Но скоро потребовались более строгие меры. Статутом 1351 года парламент не только определил заработную плату, но и еще раз прикрепил рабочий класс к земле. Рабочему было запрещено покидать тот приход, где он жил, в поисках лучше оплачиваемой работы; в случае неповиновения он становился «бродягой», и мировые судьи подвергали его заключению в тюрьму. Проводить такой закон целиком было невозможно, так как хлеб настолько поднялся в цене, что при старой оплате дневная работа не давала бы количества пшеницы, достаточного для пропитания одного человека.

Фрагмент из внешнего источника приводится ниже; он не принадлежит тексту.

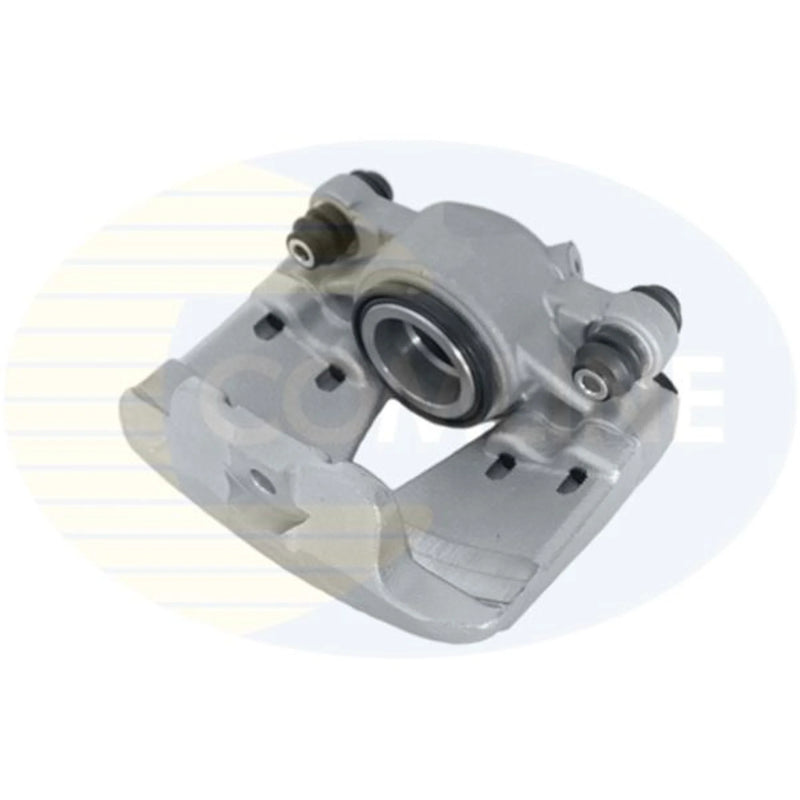 Comline Brake Caliper Assembly Front Left CBC567L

Но землевладельцы не отступили перед таким затруднением. Повторения подтверждения закона показывают, как трудно было применять его и как упорна была борьба, вызванная им. Пени и штрафы, взимавшиеся за нарушение его постановлений, составляли обильный источник королевского дохода, но назначенные первоначально наказания оказались столь недейственными, что наконец было предписано клеймить раскаленным железом лоб беглого рабочего, а укрывательство крепостных в городах было строго воспрещено. Это понятное движение не ограничивалось существовавшим классом свободных рабочих: возрастание их численности, благодаря замене рабочих услуг денежными взносами, внезапно остановилось, и изворотливые юристы, служившие обычно в вотчинах управляющими, изыскивали способы вернуть землевладельцам обычные работы, потеря которых теперь так сильно чувствовалась. Отпущения и льготы, прежде дававшиеся без спора, теперь отменялись на основании формальной ошибки, и от вилланов снова требовали рабочих услуг, от которых они считали себя освобожденными выкупом. Покушение было тем возмутительнее, что дело должно было разбираться в том же вотчинном суде и решаться тем самым управляющим, в интересах которого было вынести приговор в пользу лорда.

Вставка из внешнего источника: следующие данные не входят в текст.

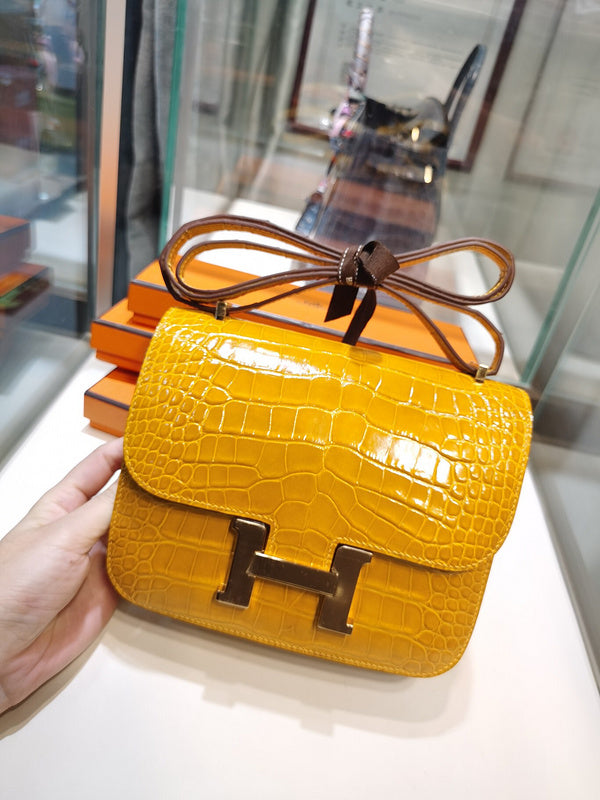 Glami - HMS Bags - 1306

Рост грозного духа сопротивления мы видим в статутах, тщетно старавшихся подавить его. В городах, где система принудительного труда применялась еще строже, чем в деревнях, между мелкими ремесленниками участились стачки и соглашения. В деревнях свободные рабочие находили себе союзников в вилланах, у которых оспаривалась свобода от барщинной службы. Часто это были люди с положением и состоянием, и всюду в восточных графствах скопища «беглых крепостных» поддерживались организованным сопротивлением и крупными денежными взносами со стороны богатых землевладельцев. На их сопротивление проливает свет один из статутов позднейшего времени. Он говорит, что «вилланы и владельцы земель на тех же условиях отказывали своим господам в оброках и услугах и подчинялись другим лицам, которые их поддерживали и подстрекали. Эти лица, ссылаясь на копии с податных списков тех вотчин и деревень, где они проживали, доказывали свою свободу от всякого рода повинностей как личных, так и поземельных, и не допускали ареста или других судебных действий против них. Вилланы помогали своим защитникам, угрожая служителям лордов смертью и увечьем, а также устраивая явные сборища и уговариваясь поддерживать друг друга». Может показаться, что не только вилланы противились стремлениям вотчинников восстановить барщину, но что при общем ниспровержении общественных учреждений и копигольдер стремился стать фригольдером, а арендатор добивался признания своей собственностью той земли, которую он арендовал.